La Presse in the metro

Yesterday as I left my apartment to go to work, I was surprised when my paper wasn’t there to greet me. Instead, there was a copy of La Presse in its place. It’s not the end of the world if I don’t get a paper once in a while (it’s not like I pay for it, and I can just grab another one at work), and since my apartment is the only one of 11 units in the coop that gets any sort of newspaper subscription, I’m guessing it was just the delivery person throwing out the wrong paper.

The cover certainly piqued my interest (though I was aware of its contents having read a Montreal City Weblog item earlier that day): a special report on life in the metro.

Saturday’s stories include discussions with the various people you see in the hallways: buskers, shopkeepers, cleaners, Jehovah’s Witnesses, old people, and some of the less common sights like monks and blind people figuring out station layouts. There’s also a multimedia component online that includes some audio slideshows of interviews with other people.

Jean-Christophe Laurence also has a peek into the shift of a metro changeur, who says the most annoying thing about working there is having to be confined in a box and asking permission whenever you want to leave it.

But more interestingly, there are articles from Katia Gagnon on the workers who perform maintenance on the tracks between 2am and 5am when no trains are circulating and the power to the rails is cut, as well as those who monitor the tracks while the trains are running.

It reminds me of a piece that Alex Dobrota did for the Gazette three years ago in which he spent the night with maintenance workers.

Intervention des ambulanciers

Today, La Presse continues on a sadder note, talking about suicide in the metro. Hugo Meunier discusses the statistics, the most interesting of which is that 2/3 of people who throw themselves in front of metro trains survive, though they’re left with serious injuries and disabilities. He reports on a specific incident as an example (an article with a staggering seven anonymous sources, perhaps demonstrating how little people want to talk about it) and asks whether the STM, police and media’s policies of pretending suicides don’t happen is actually helpful at preventing copycats.

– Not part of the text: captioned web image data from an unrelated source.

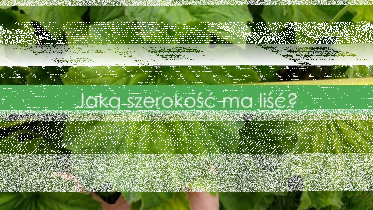 Konkurs piątkowy!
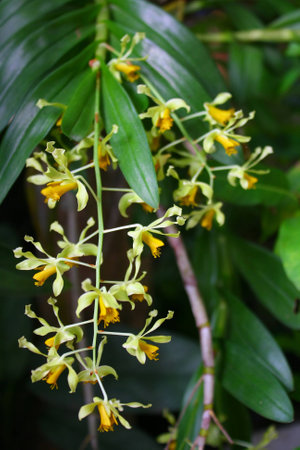 Yellow orchid flower in Thailandの写真素材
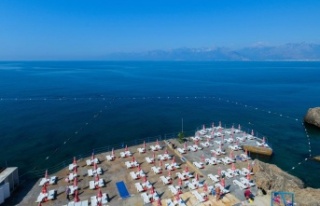 Mavi bayraklı plajlar için özel yazılım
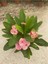 Videolu Milli Dikenler Tacı Pembe Çiçekli 25-55 cm Saksılı İç Mekan Bitkileri Euphorbia 2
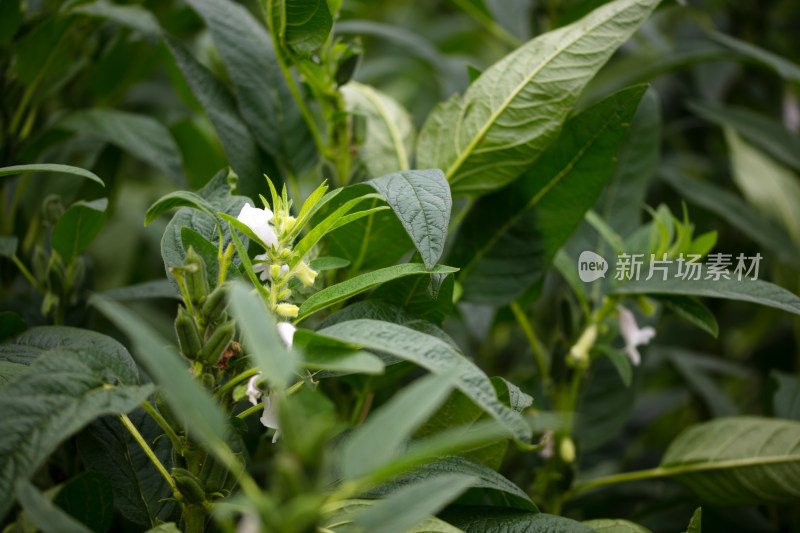 夏天开着花的芝麻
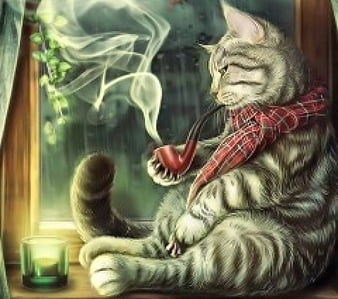 HD-wallpaper-smoking-cat-at-funny-smoking-cat-thumbnail.jpg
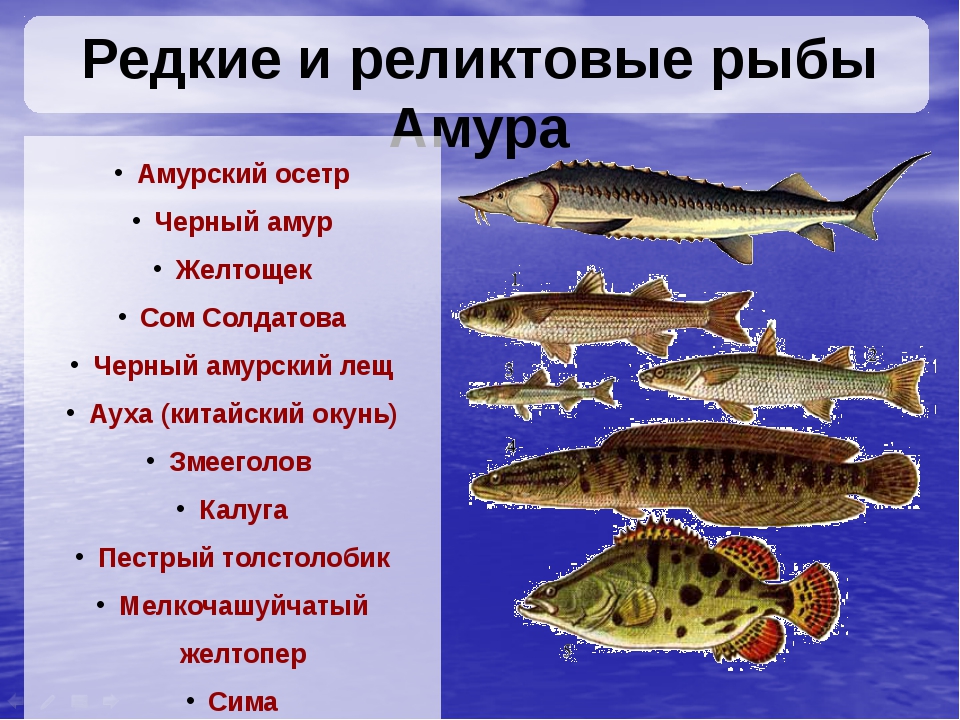 Виды рыб в амуре названия и фото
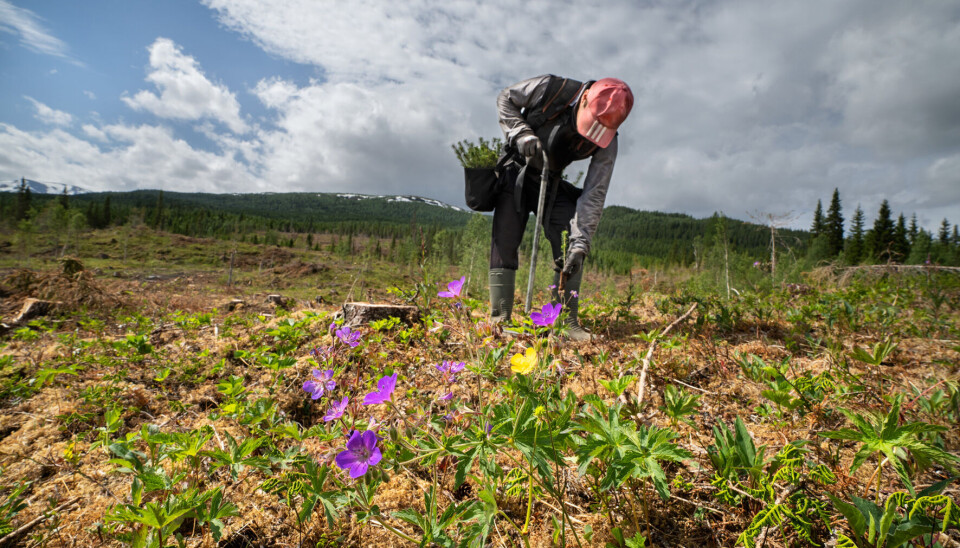 PLANTER: Statskog plantet om lag to millioner skogplanter i 2024.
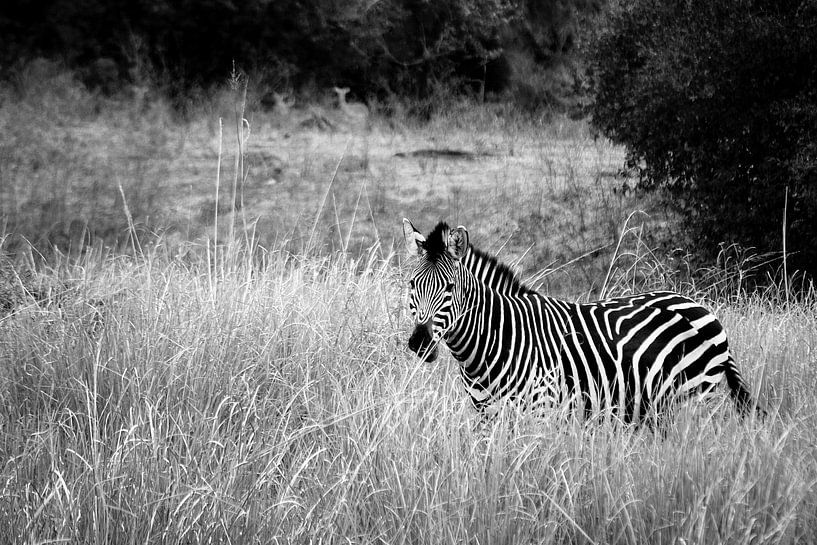 Africa: Grassland Zebra  by Jonathan Rusch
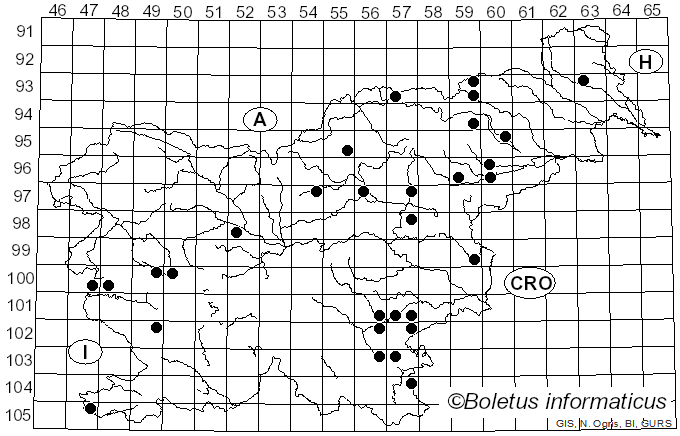 <i>Pluteus inquilinus</i> Romagn. (1979)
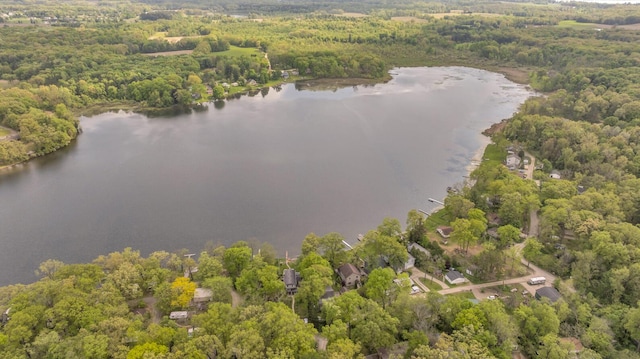 186 Goldsmith Dr, Clarklake, MI 49234 - aerial overview of property's location featuring a nearby body of water and a heavily wooded area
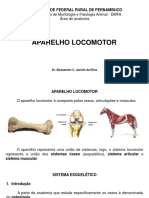 Aparelho Locomotor - Sistema Esquelético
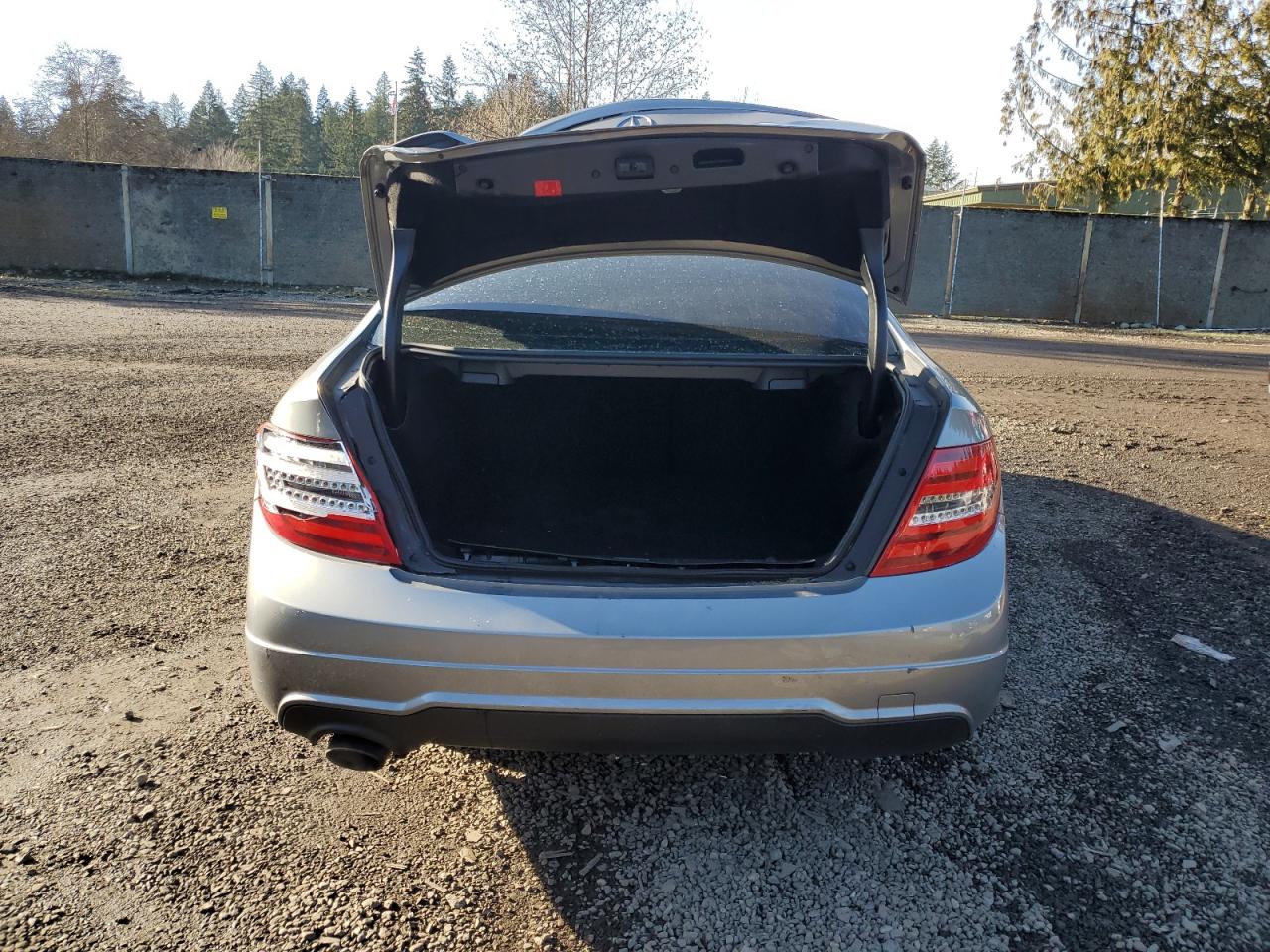 2013 Mercedes-Benz C-klasse VIN WDDGJ4HB6DF979296 Copart auction photo, rear end damage thumbnail 6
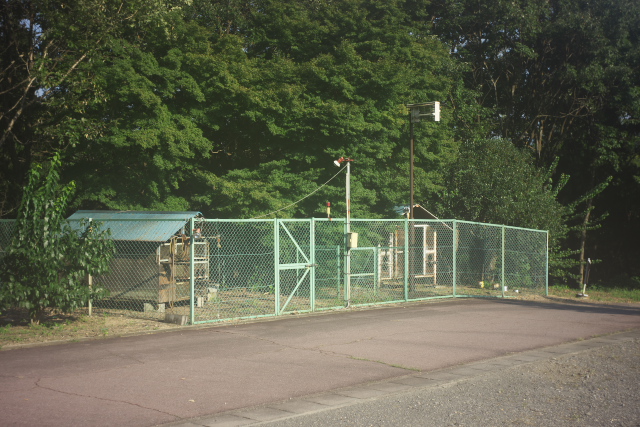 d0143011_16353623.jpg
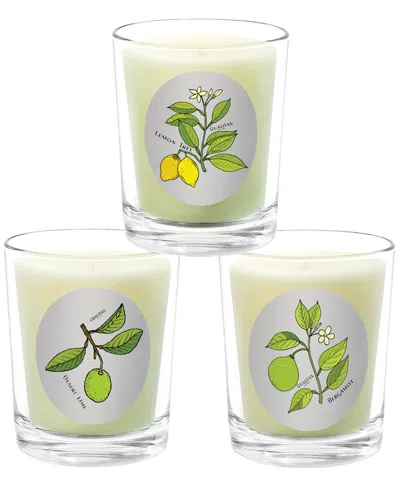 Qualitas Candles 3pc Candle Set - Desert Lime In Multi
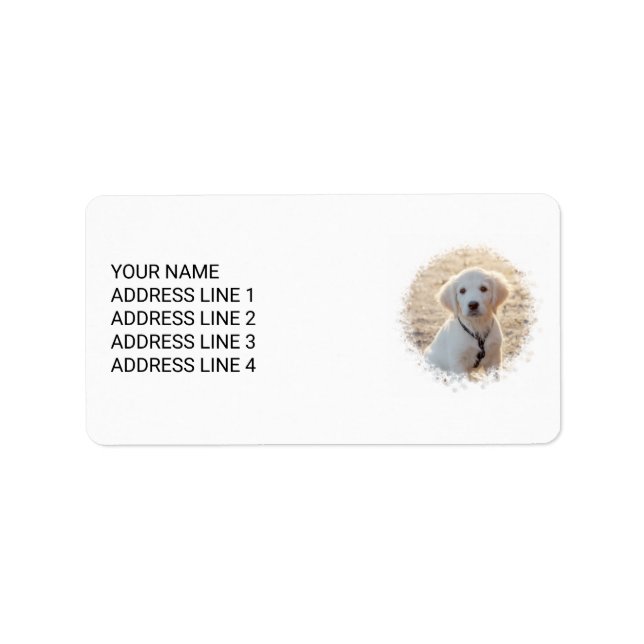 Etiqueta Modelo de Foto de Animal de Estimação Personalizad (Frente)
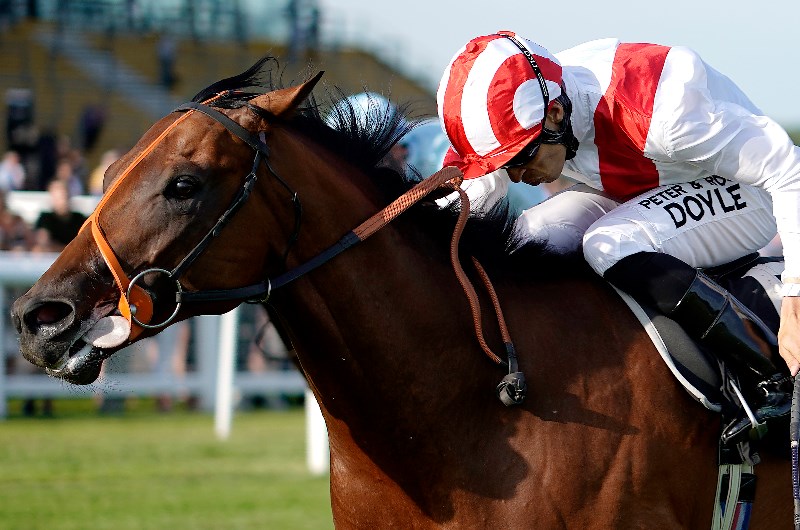 MAN OF THE NIGHT stakes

I’ve never actually witnessed a metro suicide (though I’ve seen the cleanup), so I can only imagine how disturbing it can be.

I can’t help but think that the statistic that shows you’re more likely to be seriously hurt than die attempting suicide in the metro would make a lot of people think twice about using that method to end their lives. Of course, then they’d just choose a method that wasn’t so public and we’d never know.

3 thoughts on “La Presse in the metro

  1. plam

    I’ve read that there have been studies where a means of suicide was taken away (in Montreal, for instance, a case would be installation of a jump barrier on the Jacques-Cartier). It turns out that people don’t actually choose another method. Instead the suicide rate goes down. It seems like people go and try to jump, fail, and go home and don’t kill themselves after all. Similarly, in reading about survivors from bridge jumps, apparently they regret jumping very soon afterwards.

  2. Jean Naimard

    Interestingly, Toronto will discuss subway suicides without any problems, to the point of being quite gross about it. When we visited the Toronto subway control center some 20 years ago, the operations boss was quite graphic and nonchalant about it.

    He said at one point that “the best thing is when the head is separated from most of the body”, because “that way, we can clean the place out and resume service right away without having to wait for the coroner to declare the person dead”…

    Myself, I had feared seeing a suicide in the Métro for a long time. One day, I just missed a train at Champ-de-Mars, only to hear minutes later that the service was interrupted. Since I transferred at Berri (I was too lazy to walk all the way there), I decided to walk there only to find the train I missed half into the station, and workers bringing a stretcher in front of it. I was really surprised to find out that it did not do me anything at all that someone was there, crushed under the train (I must say I did not see him jump, not did I hang around to see the aftermath) and just went to take my train to Longueuil like I did every time.

  3. x-US

    I worked for Urgences Sante back in the day (*cough*25*cough* years ago). Never did a Metro call, but conventional wisdom was that there was about 1/day somewhere on the system.